Shares of Aecon Group (TSX:ARE) have hit 52-week highs recently, with Aecon stock up 16% in the last year. However, in just the last few months, it’s been even more impressive. Shares in that time have climbed 59% in that time!
So, what gives? Today, we’re going to look at the TSX-dominating stock and why now is still a great time to bring in its superb dividend with a yield of 5.07%.
What happened?
Shares of Aecon stock have been climbing higher for a few reasons, both micro and macro, at this point. First off, there have been several upward revisions to the company by analysts, reflecting a higher price target as they’re optimistic about the company’s future.
The company has also continued to put out positive earnings, with even more likely on the way. Again, on a micro level, this includes a partnership with GO Transit. Made in January of this year, the company secured a whopping 23-year contract to operate and maintain the GO Transit system in the Greater Golden Horseshoe Area. This is a huge contract win, on top of others, for investor confidence and income.
But overall, there is growth in the construction sector in general. The Canadian construction sector was expected to show moderate growth in 2024, and Aecon stock will very likely be a benefactor.
Why analysts like the stock
As mentioned, analysts continue to weigh in and upgrade Aecon stock. Here’s what they’re looking at in particular. There is confidence in the company’s fundamentals, which will likely be looked at once more during this quarter’s earnings. Analysts like the company’s solid financial performance, with consistent profitability and healthy metrics. It also holds an experienced management team that has inspired confidence while the stock continued to navigate challenges such as interest rates today, and the pandemic in the past.
What’s more, the company continues to hold a large and established position in the Canadian construction sector. And this is a huge advantage when trying to gain even more future projects. As seen with the GO Transit deal.
A dividend provider
As of writing, Aecon stock holds a 5.07% dividend yield. And that’s certainly great, but if you’re looking for a dividend stock, you want to make sure that yield is going to stay solid. In this case, again, the company looks strong. First off, that yield is still higher than its five-year average of 4.67%. What’s more, it holds a payout ratio of just 32.89%!

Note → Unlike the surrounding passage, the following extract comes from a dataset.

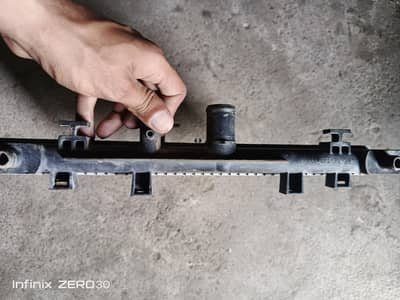 Cultus/Wagnor Original Rediator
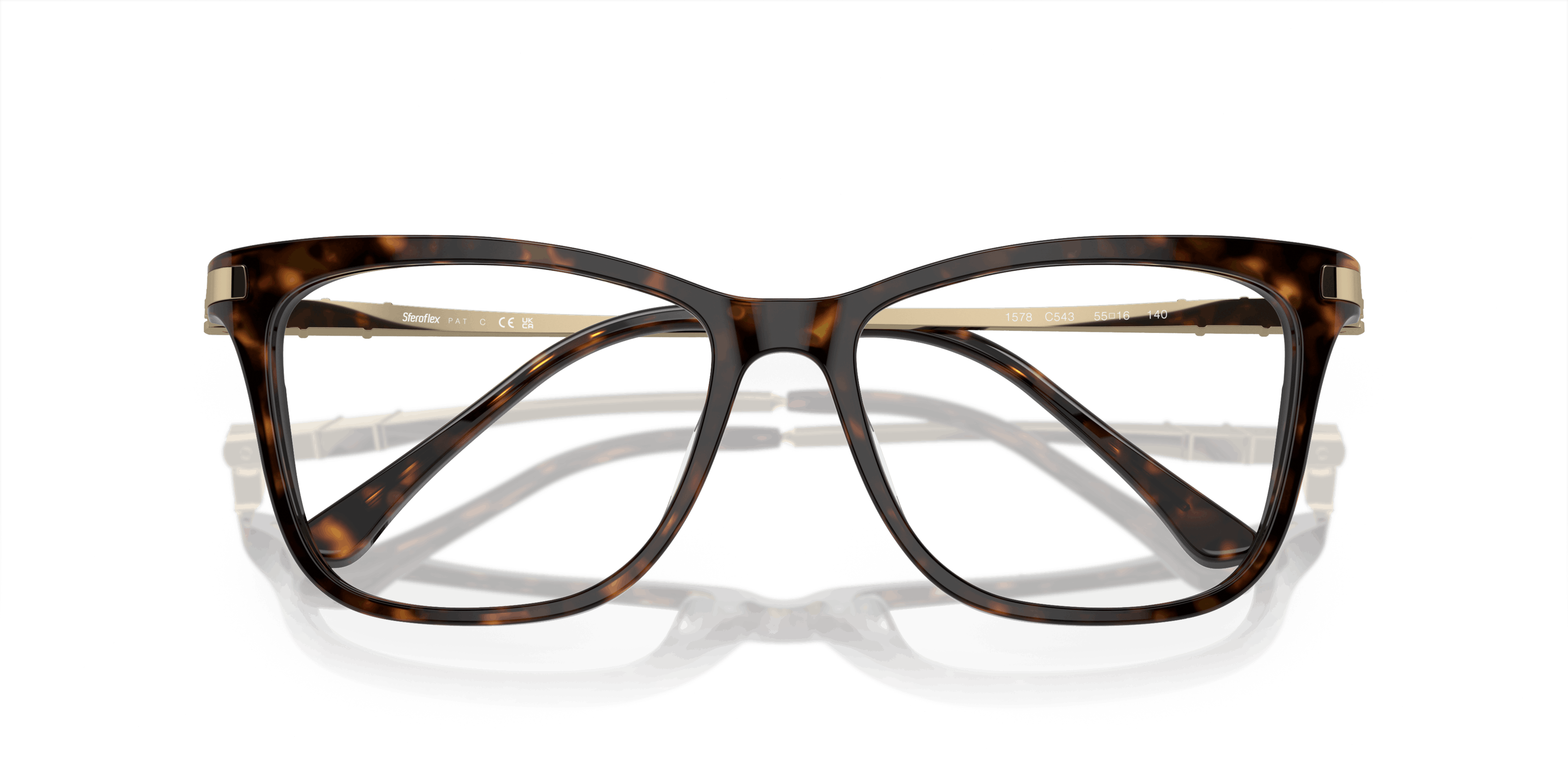 [products.image.folded] Sferoflex SF 1578 Glasses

This means not only is the payout solid, but it could indeed grow in the near future. The company certainly has enough earnings on hand to be able to do so — especially considering it would take just 32.92% of equity to pay off all its debts at this point.
That increase also looks likely, given that the company has a history of increasing its dividend over the past 15 years. This can be yet another reason for investors to consider Aecon stock. And not just now, while shares are rebounding. But for long-term rewards and long-term passive income — not just through dividends but returns as well.